(Andy Matthews/NPRI) – “Facts,” John Adams once famously said, “are stubborn things.”
I recalled this quote while reading Kyle Gillis’ coverage of Sen. Harry Reid’s fifth annual National Clean Energy Summit, which was held Tuesday in Las Vegas.
A constant theme at these summits has been that “investing” (i.e., spending large sums of taxpayer dollars) in renewable-energy projects will do more than simply produce environmental benefits. It will also be a boon to job creation and economic growth. On Tuesday, former president Bill Clinton, the event’s keynote speaker, sounded that now-familiar note, saying that if each state were to adopt a renewable-energy standard, it would “put a lot of people back to work.”
It’s a contention we hear often from the current administration as well. On the same day Reid held his Las Vegas summit, the White House issued a press release announcing that it was expediting approval for “seven nationally and regionally significant solar and wind energy projects,” which Secretary of the Interior Ken Salazar says “have great potential to grow our nation’s energy independence, drive job creation, and power economies across the west.”
The problem is that this “potential” has been put to the test, over and over. Instead of debating the theoretical, we can actually see — and evaluate — the tangible results. And while we’re constantly being told that public subsidies in renewable-energy projects will drive job growth, the stubborn facts say otherwise.

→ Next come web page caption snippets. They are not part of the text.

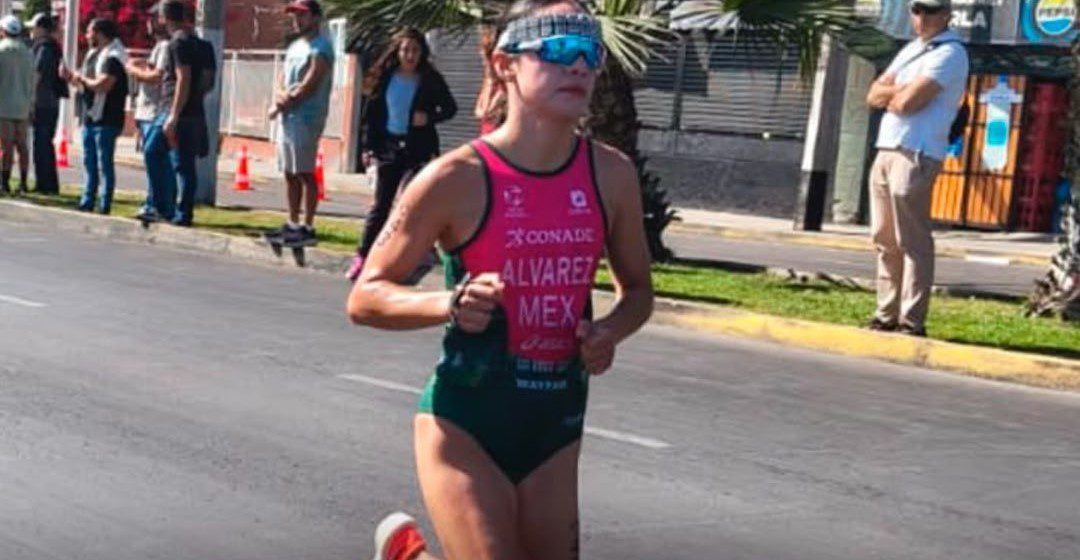 Triatleta Marcela Álvarez Triatletas mexicanas conquistan dos medallas de plata en el Campeonato de las Américas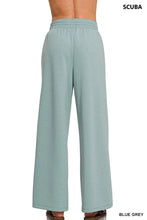 Zenana Scuba Drawstring Pants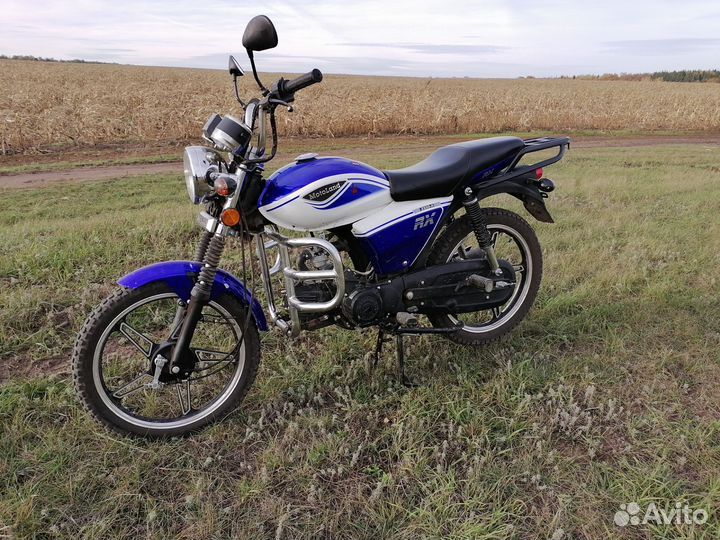 Мопед Motoland Alpha RX 11 (Альфа) (ZS50-A)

As Kyle reported in his story previewing Tuesday’s summit, “over $1.3 billion in federal funds funneled into geothermal, solar and wind projects [in Nevada] since 2009 has yielded and is projected to yield just 288 permanent, full-time jobs. That’s an initial cost of over $4.6 million per job.”
I had a chance to appear on the Fox Business Network this week to discuss this story, and I highlighted a few examples of how substantial federal funding of renewable-energy projects has failed to produce the predicted surge in green-energy jobs. One particularly egregious example is a solar plant in Primm that is set to receive $50 million but employs only two people full-time. (Click here to view the video)
After years of rosy assurances and more than $1.3 billion in handouts in Nevada alone, we’re not getting anywhere near the return on our “investments” that renewable-energy advocates promised. By their own standards, their policies have failed. And this is to say nothing of the additional fact that renewable energy costs up to four times more than electricity from coal and natural gas.
Unless and until the renewable-energy sectors find a way to offer their products in a way that is respectful of the laws of economics — at which point there should be no need for government subsidies — they are simply not viable solutions to our energy (or economic) challenges.
It’s long past time for devotees of the green cause to face that simple fact, and to stop throwing taxpayers’ hard-earned money down the renewable-energy sinkhole.